What we call type 2 diabetes is complicated. Strictly speaking, it means non-insulin dependent diabetes, but more commonly it is thought of as a form of diabetes that is not due to the immune system destroying the insulin producing cells of the pancreas.
There are major flaws in those descriptions. First, type II diabetes can progress to destruction of the beta cells of the pancreas, first by overworking them, and actually in the late stages by the immune system destroying beta cells which have been overworked and over-secreting insulin. Type 2 might also be mediated by allergens or enteroviruses that get through a permeable gut. Gut permeability can be reversed fast with IF. Type II and type I often run in the same families, and Type 2 is far more genetically linked than type 1 (If one twin has type two the other will have it like 85% of the time versus around 30% for twins and type I).
Type II also has several probably unrelated forms.
There can be insulin resistance caused by buildup of fat/fatty liver that makes the liver not respond to insulin, so that it tries to release glucose into the blood stream. This is generally caused by obesity but linked to fructose and alcohol intake.
There can be type II where the cell receptors for insulin are flawed, or there are not enough of them, and so even if insulin is release, cells don’t respond.
There can be type II where the pancreas is naturally deficient in its ability to produce insulin, but there is not destruction of beta cells, however, it should be noted that pancreatic cells are among the first to die in the presence of high blood sugar and rapid blood sugar changes, so high blood sugar alone will destroy the pancreas.
Technically, when the pancreatic beta cells are mostly gone, diabetes should be referred to as type I or insulin dependent diabetes whether it was caused by a juvenile autoimmune reaction or by chronic hyperglycemia. It appears now that even after beta cells are killed, they can regenerate, or that a few resilient cells can stay alive and produce more if the metabolic and immunological conditions improve.
It has been pretty clearly established in the last 10 years that over the course of a week, the amount of insulin you secrete, or need to inject does not depend largelyon the macro-nutrient breakdown, but rather the total calories. Lower carb, higher fat diets require more insulin per gram of carbs because the body makes less enzymes to burn up carbs for fuel. (In fact, insulin is MORE important in signalling cells to make glucose burning enzymes over a 2 day to 2 week period than it is at moing glucose into muscle cells). Protein requires almost as much insulin as carbs per gram over the course of 24 hours. (The metabolic fate of ALL protein is either glucose or ketones, and most amino acids end up as glucose-see glucogenic and ketogenic amino acids).
Type II diabetics need to inject less insulin with lower carb, higher fat diets because the rise in glucose is slower, and their pancreas can still make enough over 4 hours or so. By the way, Al Dente Pasta raises blood sugar very slowly, not fast as I expected. Same for really crusty wheat based starches and starches mixed with fat.
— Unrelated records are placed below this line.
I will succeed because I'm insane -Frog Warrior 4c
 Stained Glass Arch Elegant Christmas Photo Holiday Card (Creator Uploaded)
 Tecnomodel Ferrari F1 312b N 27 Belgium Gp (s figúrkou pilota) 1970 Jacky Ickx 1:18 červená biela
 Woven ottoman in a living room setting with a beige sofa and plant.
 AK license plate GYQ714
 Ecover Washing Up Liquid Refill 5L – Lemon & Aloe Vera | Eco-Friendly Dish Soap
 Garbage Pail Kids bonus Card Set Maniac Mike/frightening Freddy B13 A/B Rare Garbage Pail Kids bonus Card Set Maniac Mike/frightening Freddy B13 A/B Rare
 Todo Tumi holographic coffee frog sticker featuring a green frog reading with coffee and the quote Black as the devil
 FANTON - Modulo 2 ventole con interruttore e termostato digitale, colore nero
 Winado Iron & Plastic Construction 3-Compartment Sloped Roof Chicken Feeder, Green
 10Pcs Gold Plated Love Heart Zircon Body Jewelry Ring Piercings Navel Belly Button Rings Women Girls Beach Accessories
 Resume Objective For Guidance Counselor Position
At a certain point, a type II diabetic does not make enough insulin to even keep their liver from raising their blood sugar to hyperglycemic state even in a fasted state. About 30% of a normal persons daily insulin release is simply to keep the liver from releasing glucose and blood sugar will tend to rise about 25-40 points an hour without insulin even if someone doesn’t eat, if they have no insulin. Ketones will accumulate and terminal DKA can be reached in 12-18 hours. Ketones cause insulin resistance so that even more insulin is needed to manage blood sugar in the presence of ketones.
So its important to describe the state of the type II diabetic. There is insulin resistance. There is insulin resistance where the individual’s pancreas can not manage post meal glucose without additional insulin. There is insulin resistance where the individual’s pancreas cannot manage meals OR even their liver output (basal insulin), and there is insulin resistance/pancreatic insufficiency where runaway ketoacidosis will occur without injected insulin. The degree to which this is causes by fatty buildup, by genetic cell receptor flaws, or by pancreatic destruction has to be assessed to determine the effects of diet.
I suspect that the form that results in a latent onset pancreatic destruction might respond fast to IF. Others simply require not overeating, others require agents to make cells more sensitive.